Two other subcontractors for AEY -- Heinrich Thomet, the Swiss president of Evdin, Ltd., a Cyprus-based company that acted as AEY's middleman; and Ylli Pinari, the head of the state-run Military Export Import Company (MEICO), which supplied the ammunition from Albania -- were also found on the watchlist. The reasons for their designations was classified.
In January 2007, the U.S. Army awarded AEY a $298 million contract to supply ammunition to security forces in Afghanistan but much of the delivered ammunition -- collected from across Eastern Europe, including Bosnia, Bulgaria, and Hungary-- was "unserviceable;" made illegally in China; and possibly had its true origins concealed by a U.S. ambassador in Albania, The Post's Walter Pincus reports today.
The State Department's inspector general announced plans today to examine allegations that U.S. Ambassador John L. Withers II approved a plan to remove evidence that the ammunition being supplied by AEY was made in China, The Associated Press reports.
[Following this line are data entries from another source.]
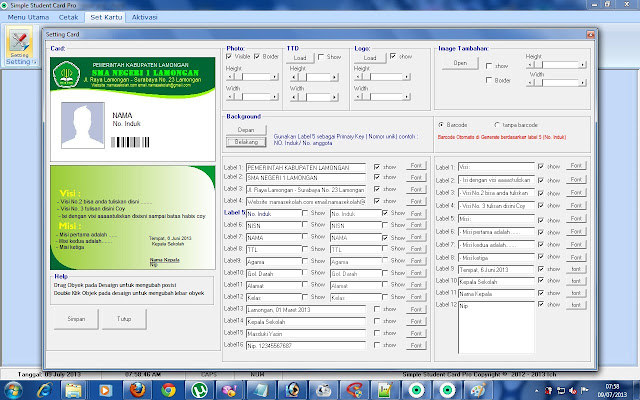 Software Kartu pelajar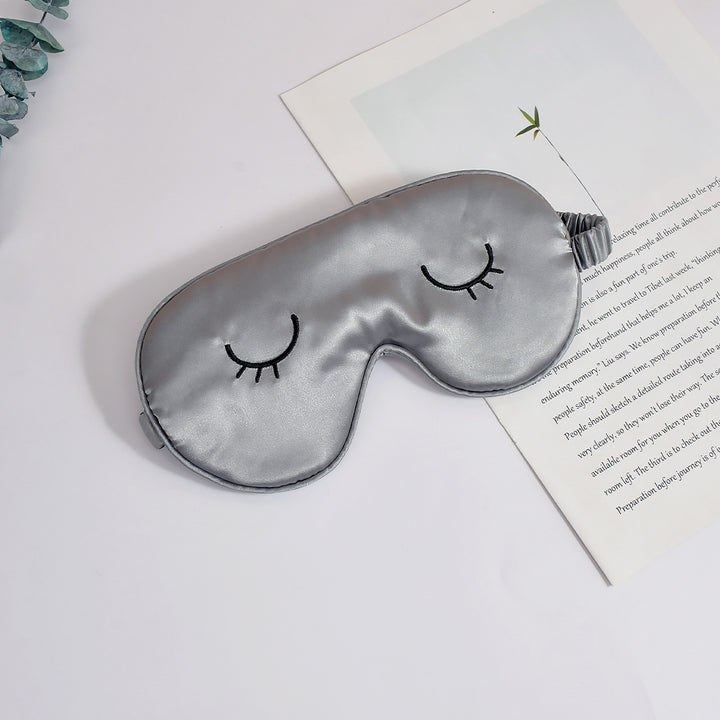 Unisex nan silky-soft eye mask with ergonomic contour and adjustable elastic band Stornfield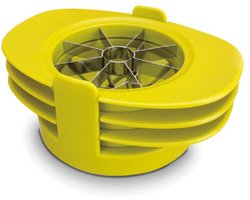 Groentesnijder - 4-in-1 Fruitsnijder - Keuken Snijmachine - Fruitverdeler - Multifunctionele snijder - Fruitmessen - ontkerner - 18.3*13*7.9cm - groen - ABS en RVS - voor Fruit en Groente - eenvoudig keukengereedschap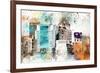 NYC Watercolor Collection - W Sign-Philippe Hugonnard-Framed Art Print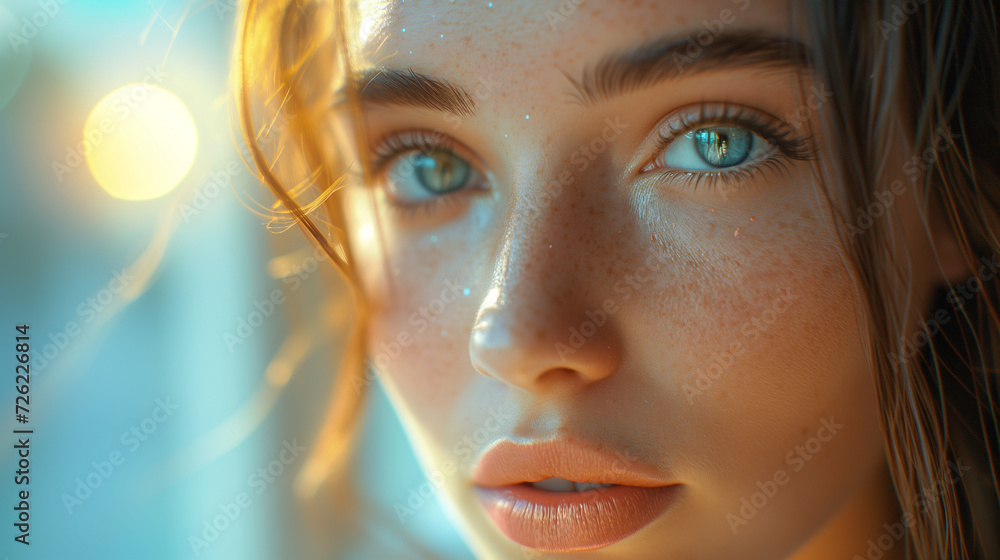 close up portrait of a woman with green eyes and full lips at golden hour, Portrait close-up of a young beautiful woman with beautiful eyes, close up face of pretty girl close up portrait of a woman with green eyes and full lips at golden hour, Portrait close-up of a young beautiful woman with beautiful eyes, close up face of pretty girl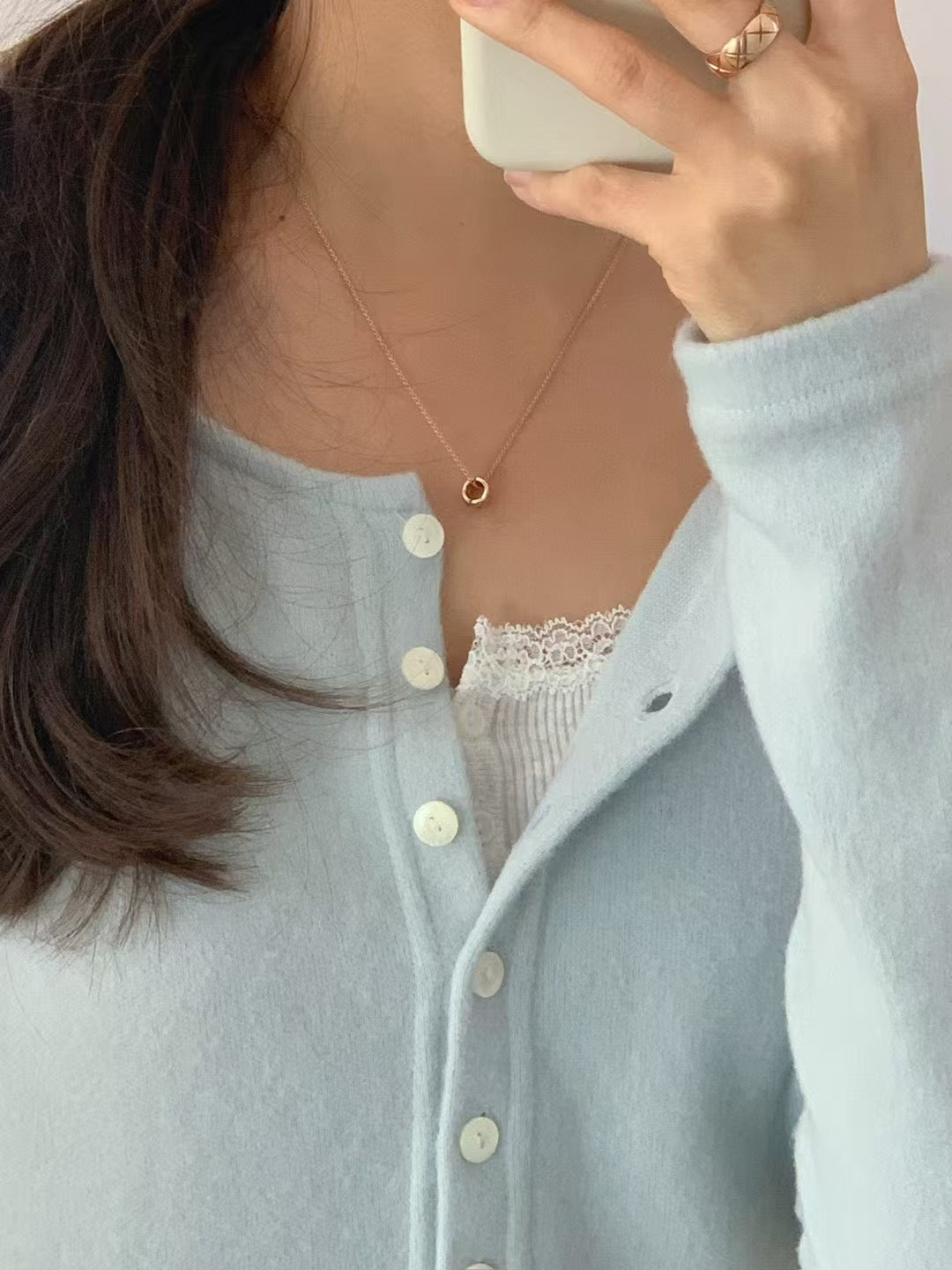 安哥拉羊毛針織開襟衫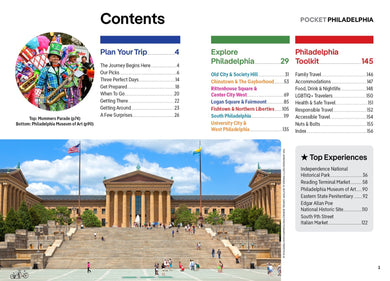 Lonely Planet Pocket Philadelphia inside page 1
The State Department attempted to conceal Withers's role from the committee, congressional leaders charged.
Separately, a federal grand jury on Friday indicted Diveroli on 71 counts, including conspiracy to defraud the government.
"As the AEY experience demonstrates, it appears that anyone -- no matter how inexperienced or unqualified -- can win a lucrative federal contract worth hundreds of millions of dollars," said Rep. Henry A. Waxman (D-Calif.), the panel's chairman.
Army officials at the hearing defended the contract with AEY. The Pentagon had no reason to think the Florida company would fail to provide working ammunition, said Jeffery P. Parsons, executive director of Army Contracting Command. "As a result of our review into this matter, we recognize that changes need to be made in our acquisition of non-standard ammunition," Parsons said.
But committee members were equally quick to criticize the Army's weapons procurement process, which Waxman called "dysfunctional" and Rep. Stephen F. Lynch (D-Mass.) called a "disgrace to the American taxpayers."